Fitness supplements found laced with prohibited stimulants

Trainer Leigh Pujado avoids banned supplements.

Supplement companies do not care about you or your health. For decades they have been selling powders and pills promising things like weight loss while poisoning the unsuspecting people who take them.

The latest round of harmful products came to light in a study published on March 23 by Clinical Toxicology. The study had the somewhat unwieldy title, Nine prohibited stimulants found in sports and weight loss supplements: deterenol, phenpromethamine (Vonedrine), oxilofrine, octodrine, beta-methylphenylethylamine (BMPEA), 1,3-dimethylamylamine (1,3-DMAA), 1,4-dimethylamylamine (1,4-DMAA), 1,3-dimethylbutylamine (1,3-DMBA) and higenamine.
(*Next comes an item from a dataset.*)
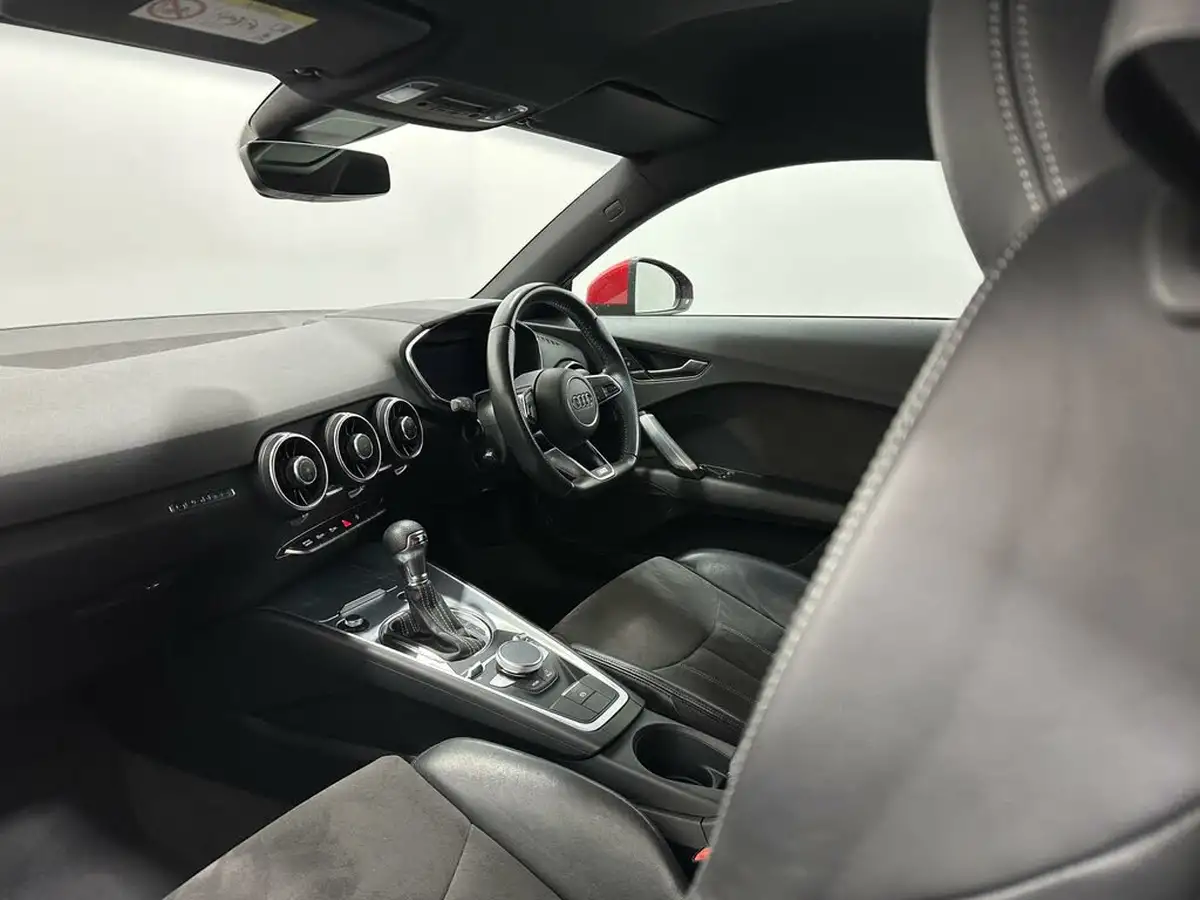 2017-audi-tt-coupe-20-tfsi-quattro-s-line-big-26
Researchers tested 17 sports and weight loss supplements, and they discovered nine prohibited stimulants. In the study, the researchers “refer to prohibited stimulants as those that have been prohibited in dietary supplements by the FDA and/or prohibited in sport by the World Anti-Doping Agency.”

Many of the supplements had more than one prohibited ingredient. Four of the brands had two prohibited stimulants, two of the brands had three stimulants, and two of the brands combined four prohibited stimulants in a single bottle.

The common ingredient in all of them was something called deterenol. If you search for supplements with deterenol in them, you’ll probably come up empty-handed. But deterenol is known by several names, including isopropylnorsynephrine, isopropylnorsynephrine HC1, N-isopropylnorsynephrine HC1 and isopropyloctopamine.

When we searched for supplements using one of the synonyms for deterenol, more than a dozen popped right up. They were being promoted and sold on workout websites, Instagram, Facebook and Amazon.

It’s important to understand that deterenol has never been approved for use in humans in the United States. In 2004, the US Food and Drug Administration (FDA) determined that deterenol is not permitted as an ingredient in dietary supplements.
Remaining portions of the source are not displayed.